The Witch-Maid, and Other Verses/The Coorong Sandhills

From Wikisource
Jump to navigation Jump to search
565028The Witch-Maid, and Other Verses — The Coorong SandhillsDorothea Mackellar

THE COORONG SANDHILLS

(South Australia)

Over the Coorong sandhills only the wild duck fly,
Naught is there but the knot-grass rank, and the sea, and the sky;
Redder than cooling lava, slow heave the hills to the blue,
Splendid, dazzling, and stainless, of sky and of ocean too.

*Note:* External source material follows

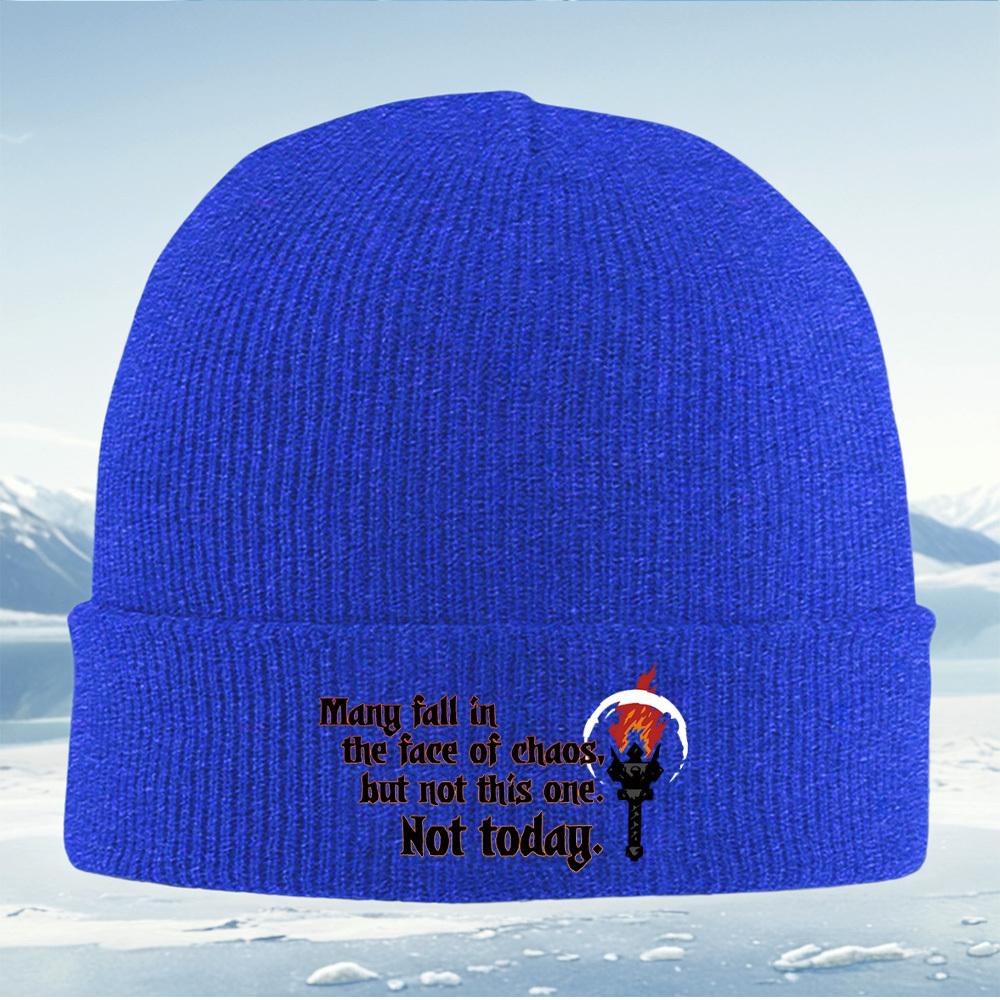 Torchlight figure facing chaos today Men Women Unisex Knitted Hat Beanie Pullover Cap Winter Thermal Warm Christmas Outdoor Cyc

South to the frozen mountains faces the last red hill,
Only the sea between them; almost as lone and still
Shows the sand as the ice-peaks, but it has heat and light,
Set against the aurora that shatters the polar night.

If the sands have a language, healing it is and kind,
Clean and strong like the sea-roar or the glad shout of the wind;

If you but face them bravely, lost in a barren land,
Never will they betray you, the sky and the sea and sand.

Blue burns the sky above me, red the sand at my feet,
Near and far on the sandhills shimmers the living heat;
Hill after hill I conquer, changing yet still the same,
Still flows the sand together and covers the way I came.

Stretched in a warm sand-hollow late in the afternoon
Watch I the wild duck flying back to the long lagoon;
Black on an amber sunset passes the last of the flight—
Over the Coorong sandhills quiver the pinions of night.